Oh my!! Such cute pictures! Koda is so pretty, and she looks so much like Rip! That last picture of her on her back especially. We call that naughty or I wanna play face, lol. So how does that stuffed animal survive in her presence? Ripley tears anything soft to pieces in under 1 minute!

I am so happy for you/jealous you will have a new baby soon. Just as I thought, my husband is in no way interested in another puppy, at least until we are settled. Big sigh, I'll just have to live vicariously through you guys 

Question for you, since you somewhere that gets lots of snow, do you have a coat you like? Ripley needs a new one, wondering if you guys have found one you like/works well.

Enjoying one of my favorite parts of the day, night time snuggles


----------



## mommaofalot

Oh yes best part of my day is the snuggles too!!! Unless she gives them to someone else :-[. She has had her baby since we brought her home. It is a kong cozie and the ear has a little tear in it but other than that it is going strong.

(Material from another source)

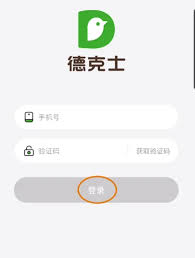 2024年德克士app如何查看配送进度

Cookie and Jerry made a bet about how long it would take her to rip it up and her crock... but she still has them both. I have a sweater for her but she is totally embarrassed to wear it so I don't make her (I know some of you might think that is crazy but I promise she is embarrassed). She has a doggie door so if she gets cold she just comes in so I don't worry to much about it. You might want to do a search on here I remember others asking the same question. What mountains do you guys plan to move to?


----------



## toadnmeme

I'll have to check into the Kong stuffed toy. I got tired of buying them and he destroying them in minutes!

We have 2 possibilities for moving. One is here in Va to the Blue Ridge mountains. The other is the Rocky Mountains in CO. We are partial to CO because we lived in Europe for 5 years at the foot of the Alps and we LOVED the quality of skiing and the Rockies are closer to that. We're a very outdoor activity family, and we love most all outdoor activities especially hiking, camping, biking and trail running, so we want to get back to the mountains. I'm also a horse person, so we would love to have land for horses too. My husband wants to get back into hunting at some point. 

Anyway, hopefully we'll hear something definite soon....until then we (and Ripley) are taking advantage of the flatlands and all the water we live near. My parents live on a river and he lived in the water and pool all last summer with my kids  He loved the beach too. 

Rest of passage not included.